### Description of the task
Find, in the records below, the line that contains "With a Safety" and the line that contains "Sexspielzeug strap double". Copy those two lines and everything between them exactly, but not the pictures.
----- Records provided -----
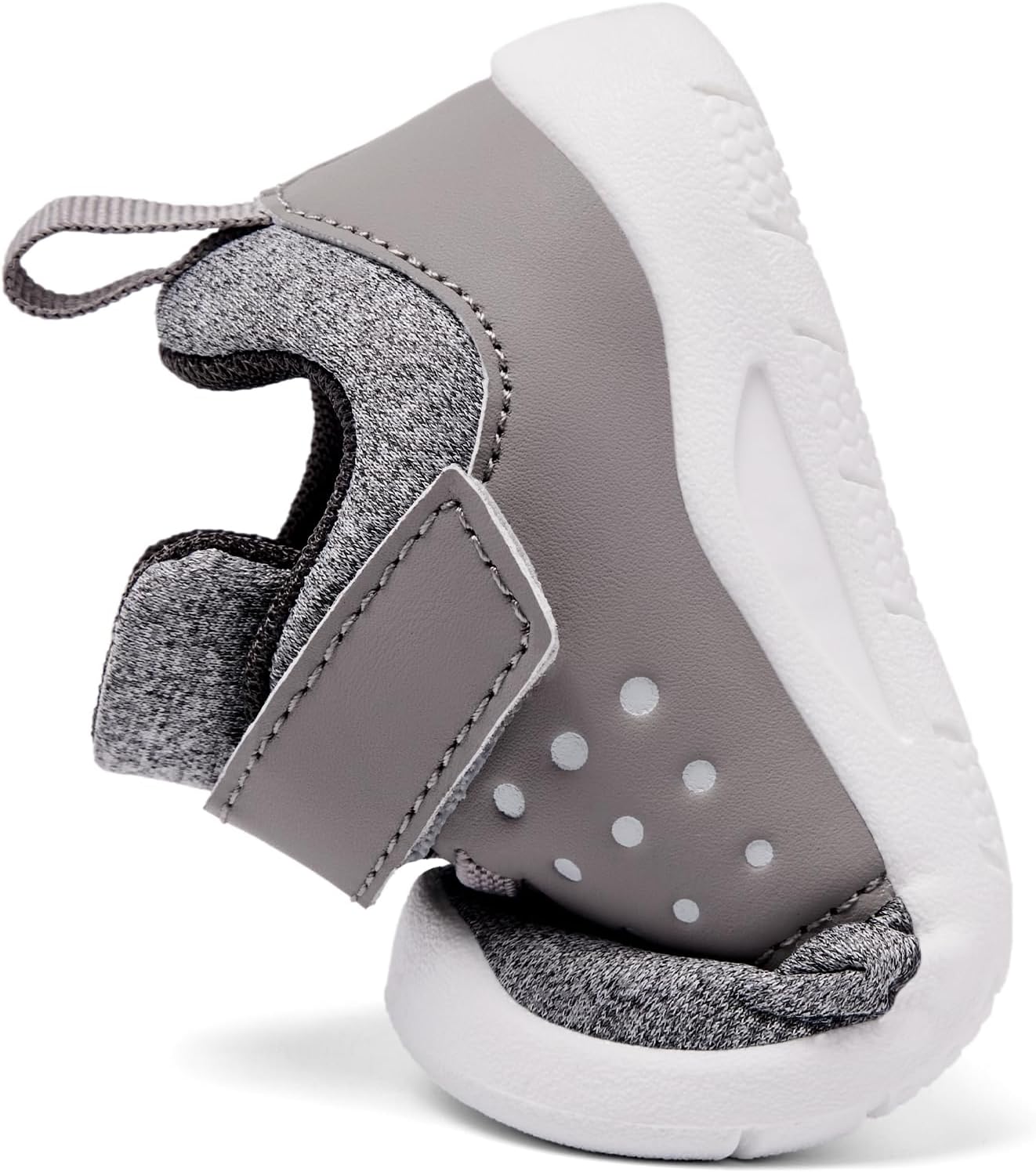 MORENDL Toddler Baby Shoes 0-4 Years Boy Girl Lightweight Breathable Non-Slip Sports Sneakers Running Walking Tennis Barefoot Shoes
-----
----- Records provided -----
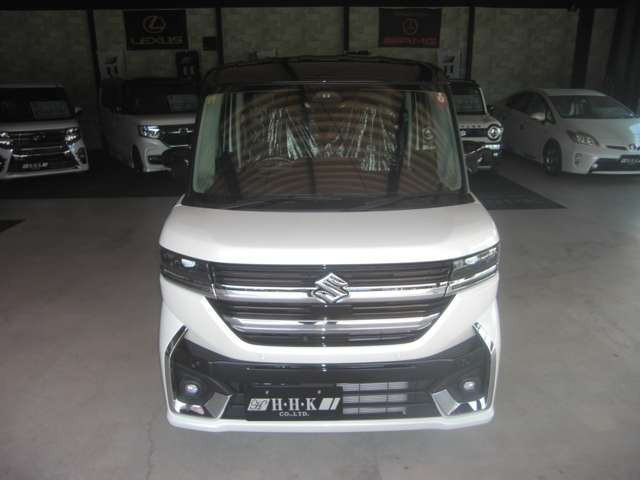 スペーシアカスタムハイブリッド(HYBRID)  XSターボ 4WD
-----
----- Records provided -----
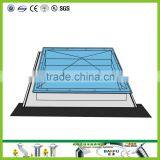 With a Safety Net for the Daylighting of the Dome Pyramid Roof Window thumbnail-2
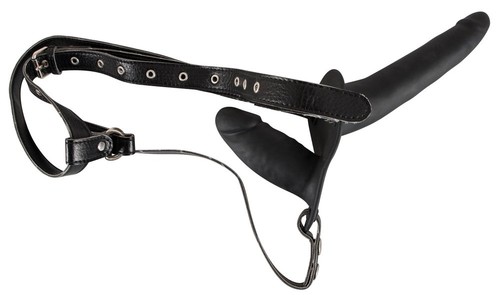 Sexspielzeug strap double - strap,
-----
### Your response
 With a Safety Net for the Daylighting of the Dome Pyramid Roof Window thumbnail-2
 Sexspielzeug strap double - strap,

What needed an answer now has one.